Tesadüfe bakın ki birkaç gün evvel Güney Kıbrıs Rum Yönetimi Maliye ve Dışişleri Bakanları ayrı ayrı yerlerde ama senkronize bir şekilde "Kıbrıs Müzakerelerini sonuçlandırmak için Türkiye ile görüşmek istediklerini ve Kıbrıs sorununun da ancak bu yöntemle çözülebileceğini" açıkladılar. 

 

Bu iki Rum Bakanın yaptığı açıklama hiçte tesadüf değil. Şubat 2013 tarihinde Rum Cumhurbaşkanı seçilen Nikos Anastasiades'in niye hala daha KKTC Cumhurbaşkanı Dr.
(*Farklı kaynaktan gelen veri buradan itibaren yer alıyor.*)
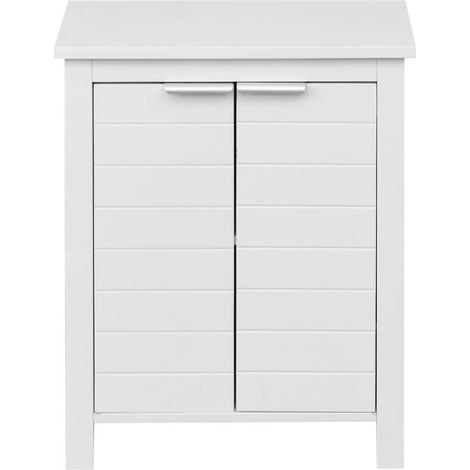 Rebecca Mobili Mobiletto da Bagno Salvaspazio in Legno Bianco a Terra 2 Ante 2 Ripiano Moderno (1/5)
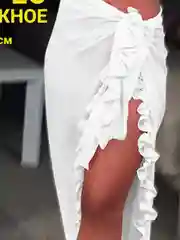 Белый парео пляжное накидка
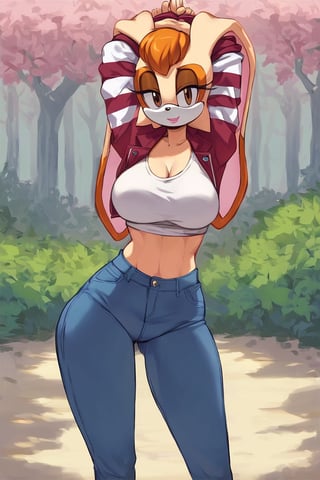 score_9, score_8_up, score_7_up, score_6_up, score_5_up, score_4_up, (Source sonic), (rating safe), vanilla the rabbit, 1girl, solo, outside, wearing blue jeans, white shirt, jacket, large breasts, brown eyes, looking at viewer, standing, outside, trees, fall weather,  , wide hips, rabbit girl, short hair, body fur, hands on hips, anime style,stomach_punch,arms up,cammystretch, stretching,flashing belly,sch00lg1rl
Derviş Eroğlu ile müzakere masasına oturmadığını ve süreci bilinçli bir şekilde uzattığını net bir şekilde açıklamakta gerçekte.

 

Kıbrıslı Rumlar, Kıbrıslı Türkleri muhatap kabul etmediklerini daha evvel beden dilleri ile ima etmeğe çalışmışlardı ama artık muhatap olarak görmek istemediklerini alenen, açık ve net bir şekilde ortaya koymaya başladılar. Bunu bir eylem planına dönüştürdüler ve dostlarına kabul ettirilmesi gereken bir politika olarak benimsediler.  Şimdi de fiilen uygulamaya koydular.

 

Rumların akıllarında BM'nin Kıbrıs Müktesebatı içinde yer alan "İki kesimli, iki bölgeli, siyaseten eşit iki halkın oluşturduğu politik olarak aynı statüde iki Federal devletten oluşan Birleşik Federal Kıbrıs Cumhuriyeti"ni kurmak gibi bir hedef ve düşünce yok. Anastasiades’in geçenlerde dile getirdiği gibi 1960 Kıbrıs Cumhuriyeti Anayasasında bazı değişiklikler yapılarak Kıbrıslı Türklerin, mevcut AB üyesi ve BM tarafından tanınan, Rumlar tarafından 1963 yılında silah zoru ile gasp edilmiş Kıbrıs Cumhuriyeti’ne katılımı var sadece. 

 

Bu nedenle Kıbrıs Rum Yönetimi Maliye ve Dışişleri bakanlarının aynı gün yaptıkları “Kıbrıs sorununu Türkiye ile müzakere edip çözmek istiyoruz” açıklaması gerçekte Kıbrıslı Türklere "Siz bizim muhatabımız değil, devletimiz içindeki azınlıksınız. Size, Ermeni’lere, Latin’lere ve Maronit’lere verdiğimiz azınlık haklarından başka verebileceğimiz hiç bir hak yoktur, ortağımız ise asla olamazsınız" manasındadır.

 

Rumlarla, Federal bir devlet altında ortak bir yaşam kurmak isteyenlerin Şubat 2013’de seçilen yeni Rum Cumhurbaşkanındaki “Kıbrıs sorununa çözüm getirme doğrultusundaki (!)” kulvar değişikliğinin ve Rum siyasilerde de bu yönde başlayan değişimin farkına varmaları gerekmektedir.

 

Çok ciddi bir siyasi sorunun ve değişikliğin eşiğinde olduğumuz kesin...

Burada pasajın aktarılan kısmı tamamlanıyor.